In preparation for letting kerneldoc Sphinx extension to import
Python libraries, move regex ancillary classes to a separate
file.

Signed-off-by: Mauro Carvalho Chehab <mchehab+huawei@kernel.org>
---
 scripts/kernel-doc.py       | 223 +----------------------------
 scripts/lib/kdoc/kdoc_re.py | 272 ++++++++++++++++++++++++++++++++++++
 2 files changed, 277 insertions(+), 218 deletions(-)
 create mode 100755 scripts/lib/kdoc/kdoc_re.py

diff --git a/scripts/kernel-doc.py b/scripts/kernel-doc.py
index fb96d42d287c..7f00c8c86a78 100755
--- a/scripts/kernel-doc.py
+++ b/scripts/kernel-doc.py
@@ -110,228 +110,15 @@ from pprint import pformat
 
 from dateutil import tz
 
-# Local cache for regular expressions
-re_cache = {}
+# Import Python modules
 
+LIB_DIR = "lib/kdoc"
+SRC_DIR = os.path.dirname(os.path.realpath(__file__))
 
-class Re:
-    """
-    Helper class to simplify regex declaration and usage,
+sys.path.insert(0, os.path.join(SRC_DIR, LIB_DIR))
 
-    It calls re.compile for a given pattern. It also allows adding
-    regular expressions and define sub at class init time.

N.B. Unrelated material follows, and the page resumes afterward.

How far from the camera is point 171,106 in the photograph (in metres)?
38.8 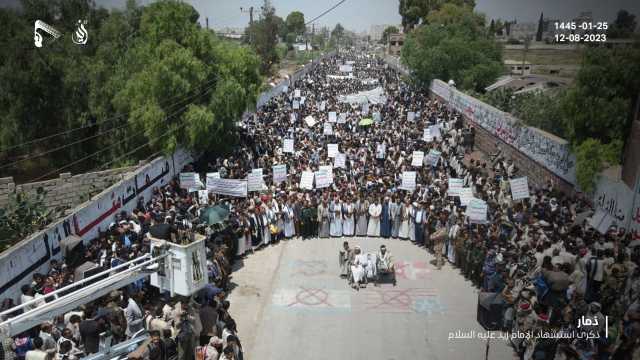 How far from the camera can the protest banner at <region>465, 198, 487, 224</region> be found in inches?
496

+from kdoc_re import Re, NestedMatch
 
-    Regular expressions can be cached via an argument, helping to speedup
-    searches.
-    """
-
-    def _add_regex(self, string, flags):
-        if string in re_cache:
-            self.regex = re_cache[string]
-        else:
-            self.regex = re.compile(string, flags=flags)
-
-            if self.cache:
-                re_cache[string] = self.regex
-
-    def __init__(self, string, cache=True, flags=0):
-        self.cache = cache
-        self.last_match = None
-
-        self._add_regex(string, flags)
-
-    def __str__(self):
-        return self.regex.pattern
-
-    def __add__(self, other):
-        return Re(str(self) + str(other), cache=self.cache or other.cache,
-                  flags=self.regex.flags | other.regex.flags)
-
-    def match(self, string):
-        self.last_match = self.regex.match(string)

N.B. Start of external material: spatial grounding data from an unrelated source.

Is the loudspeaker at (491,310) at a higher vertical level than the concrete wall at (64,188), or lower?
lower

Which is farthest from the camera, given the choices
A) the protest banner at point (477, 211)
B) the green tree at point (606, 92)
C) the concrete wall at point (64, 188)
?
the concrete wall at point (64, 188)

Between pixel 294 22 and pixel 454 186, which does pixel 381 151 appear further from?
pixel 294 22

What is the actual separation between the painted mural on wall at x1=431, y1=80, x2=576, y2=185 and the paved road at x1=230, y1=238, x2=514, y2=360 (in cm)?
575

-        return self.last_match
-
-    def search(self, string):
-        self.last_match = self.regex.search(string)
-        return self.last_match
-
-    def findall(self, string):
-        return self.regex.findall(string)
-
-    def split(self, string):
-        return self.regex.split(string)
-
-    def sub(self, sub, string, count=0):
-        return self.regex.sub(sub, string, count=count)
-
-    def group(self, num):
-        return self.last_match.group(num)
-
-class NestedMatch:
-    """
-    Finding nested delimiters is hard with regular expressions. It is
-    even harder on Python with its normal re module, as there are several
-    advanced regular expressions that are missing.
-
-    This is the case of this pattern:
-
-            '\\bSTRUCT_GROUP(\\(((?:(?>[^)(]+)|(?1))*)\\))[^;]*;'
-
-    which is used to properly match open/close parenthesis of the
-    string search STRUCT_GROUP(),
-
-    Add a class that counts pairs of delimiters, using it to match and
-    replace nested expressions.
-
-    The original approach was suggested by:
-        https://stackoverflow.com/questions/5454322/python-how-to-match-nested-parentheses-with-regex
-
-    Although I re-implemented it to make it more generic and match 3 types
-    of delimiters. The logic checks if delimiters are paired. If not, it
-    will ignore the search string.
-    """
-
-    # TODO:
-    # Right now, regular expressions to match it are defined only up to
-    #       the start delimiter, e.g.:
-    #
-    #       \bSTRUCT_GROUP\(
-    #
-    # is similar to: STRUCT_GROUP\((.*)\)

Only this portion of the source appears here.